When we got married, back in 2000, I did ask my mother to come shop for my wedding dress with me.  She lives one hour away from town, and doesn't drive in town, so she would have to be driven by her beau. This was about nine months after my father's death.  I suggested to pick her up along the way, or for him to drop her off, but she wanted him to come with her and wait in the car.  I refused thinking it was ridiculous to have this old man sitting in a car, in January, waiting while I was trying on dresses.  She insisted and when I kept on saying it was ridiculous, she gave me an ultimatum: he would wait or she wouldn't come.  So I told her to stay home, I would go shopping with a friend.  And I did.  She wasn't happy about that, and even had an attitude with my friend for "having taken her place", but I reminded her (on a few occasions) that she gave up that role and chose to stay home.

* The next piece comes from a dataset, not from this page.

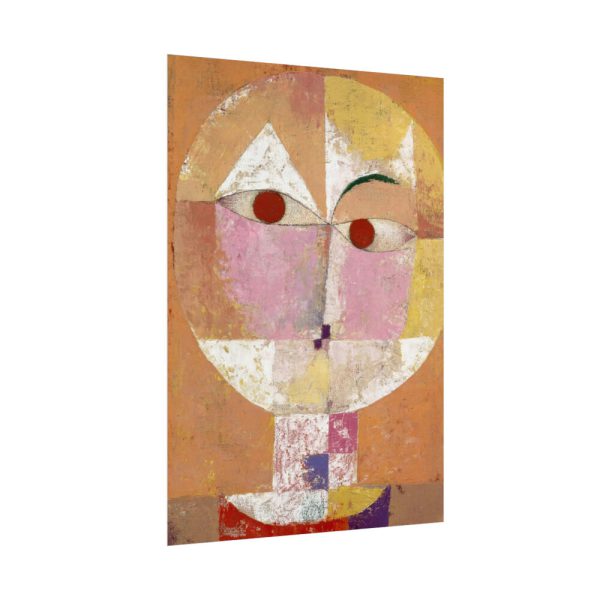 92410-297.jpg Senecio (Baldgreis) (1922) by Paul Klee Poster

I was hurt by how it was more important for her to have her beau with her, than to share in my big moment.  I won't even go into her attending our wedding in Hawaii. That was something else too.

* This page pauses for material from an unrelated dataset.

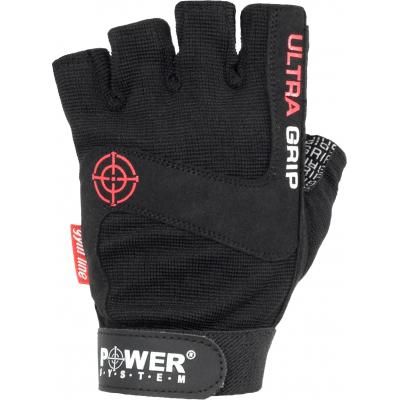 Рукавички для фітнесу Power System Ultra Grip PS-2400 XXL Black (PS-2400_2XL_Black)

A few years back, for her birthday, I decided to surprise her by taking her away just the two of us, for a night away at a spa.  I had to skip one of my class to get to her place the night before, so we could have dinner together, before making our way to the spa.  She had told me she would wait for me for dinner so we could eat together.  When I got to her place, she was playing cards with her new beau (a new one, since the other from the wedding died).  I was a bit surprise to see that there was no food on the stove or anything.  She asked if I had eaten. WTF?  Her beau had come over and they had dinner together.  She forgot that we had made plans.  She had even forgotten that we were going away for a night.  The whole time we were at the spa, she would check her phone to see if he had called.  It felt like I was with a teenager in love rather than my mother.

Move forward to just now, which prompted this post, she will be turning 75 years old in June.  Since she likes to swim, and massages etc. I decided to, again, offer her/us a get away, mother/daughter for a night, with spa, massage, facial, pedi/mani, the load.  I would pick her up, drive there and be pampered for a day with good food etc. I've asked her if she had plans for her birth day, and then told her to reserve me that day and night.  I made all arrangements.  Today she calls me to tell me that she's not feeling good.  She feels stuck between her beau and me.  I should have verified with him if he had any plans for her birthday, as well. Maybe I should, my bad, but at the same time, I did ask her if she was available before booking anything.  Anyway, she doesn't want to upset anyone and feels bad. Really?  She was away from October to March, in Florida, with her beau, and can't be away from him (or him from her) for one fucking day/night, and she feels torn?  I'm not only pissed off, but I'm hurt.  I've told her when she was asking if I was upset, that once again I got to know my place.  I know where I stand in regards to her.  I come after her beau.  Despite my best efforts to let go, it hurts. The kid in me feels rejected sort of.  I will do my best to apply this rule of mine, to treat family as I do friends, and tolerate the same.  Now I have to ask myself, if a friend did to me or treated me the way my mom does at times, would I tolerate it?  Would I still contact that friend and try to get together?  I know the answer to that, and somewhere deep in me, it hurts.  I will have to cut those sentimental strings... and whomever said that blood is thicker than water, can go fuck themselves.